The December 19, 2015 decision by Rwanda to approve a referendum to amend the country’s constitution to permit the current president, Paul Kagame, to remain in office for a third seven-year term beginning in 2017, to be followed by two possible five-year terms, was in contrast to what Mr Kagame promised that he would step down in that year. But again, how could he do it if a ‘resounding 98 per cent’ of voters in a referendum ‘wanted’ him to remain? The people, then, ‘forced’ him to stay.

In May 2018, Burundians overwhelmingly approved a new constitution that ushered in changes that could let President Pierre Nkurunziza stay in power to 2034. Although President Nkurunziza said he would step down in 2020 and not seek another term in office, many doubt his seriousness to honour the promise especially after he violated the 2005-Arusha Accords.
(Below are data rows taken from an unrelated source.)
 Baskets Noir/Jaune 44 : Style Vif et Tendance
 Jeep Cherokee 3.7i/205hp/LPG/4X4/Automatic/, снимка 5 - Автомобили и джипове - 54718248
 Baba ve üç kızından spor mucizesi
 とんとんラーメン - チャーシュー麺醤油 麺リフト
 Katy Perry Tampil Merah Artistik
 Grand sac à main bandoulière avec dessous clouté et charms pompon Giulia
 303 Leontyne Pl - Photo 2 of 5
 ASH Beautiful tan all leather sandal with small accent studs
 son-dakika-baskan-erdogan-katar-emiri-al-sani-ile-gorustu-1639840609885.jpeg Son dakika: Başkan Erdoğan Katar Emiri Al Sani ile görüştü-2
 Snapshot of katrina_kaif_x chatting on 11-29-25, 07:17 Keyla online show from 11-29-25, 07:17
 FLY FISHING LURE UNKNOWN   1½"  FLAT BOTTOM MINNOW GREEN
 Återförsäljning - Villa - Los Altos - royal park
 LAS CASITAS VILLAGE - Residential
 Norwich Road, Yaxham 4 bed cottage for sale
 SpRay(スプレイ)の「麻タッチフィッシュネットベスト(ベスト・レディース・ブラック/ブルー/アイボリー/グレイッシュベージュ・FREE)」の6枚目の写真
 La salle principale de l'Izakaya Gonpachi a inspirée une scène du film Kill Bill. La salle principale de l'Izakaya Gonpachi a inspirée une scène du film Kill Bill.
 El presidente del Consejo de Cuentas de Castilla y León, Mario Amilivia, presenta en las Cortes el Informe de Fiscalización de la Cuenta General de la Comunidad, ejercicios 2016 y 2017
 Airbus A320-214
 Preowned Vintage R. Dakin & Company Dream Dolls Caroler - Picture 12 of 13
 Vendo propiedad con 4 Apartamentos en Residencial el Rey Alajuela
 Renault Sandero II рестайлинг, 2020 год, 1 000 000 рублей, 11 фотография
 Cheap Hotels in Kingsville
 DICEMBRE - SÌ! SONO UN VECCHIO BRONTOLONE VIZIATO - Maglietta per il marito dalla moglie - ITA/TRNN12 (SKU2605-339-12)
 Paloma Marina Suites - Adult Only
The Accords, which ended Burundi’s civil war, recognised that the conflict stemmed from a “struggle by the political class to accede to and/or remain in power.” It enshrined term limits as a mechanism to ensure equal opportunity to serve in government.

These are but few cases from neighbouring countries that are Tanzania’s colleagues in the East African Community (EAC). Although it can arguably be said that the circumstances in the countries differ with those in Tanzania still they can be helpful to make sense of what is likely to in the country in future.

Term limit removals and instability

But undoing term limit is dangerous and have had serious repercussions elsewhere. The analysis by the Africa Center for Strategic Studies, for example, warn against removing term limit, saying the practice may endanger the particular country’s political stability. It notes that a third of the 18 countries that have undone term limit is currently facing armed conflict. In contrast, just two of the 21 countries with term limits are in conflict.

In the same vein, an assessment by the Kofi Anan Foundation has pointed out that initiatives to change or sidestep presidential term limits are often presented as a response to popular demand, yet tend to be deeply polarizing. Several recent instances have led to significant unrest and even violence and help to make this point vivid. Notable examples are Burkina Faso in 2014, where an initiative to allow the President to run for a third term led to his fall, and Burundi in 2015, where a military coup failed but strong opposition continued against the President’s third bid, launched after a favourable ruling by the Supreme Court.

Whether or not Tanzania’s government plans to undo the term limit, analysts have pointed out that the issue needs to be approached as a matter of maintaining confidence in a country’s electoral process and political system. The focus, as the Kofi Anan Foundation’s analysis shows, should be on the process by which term limits might be amended or interpreted.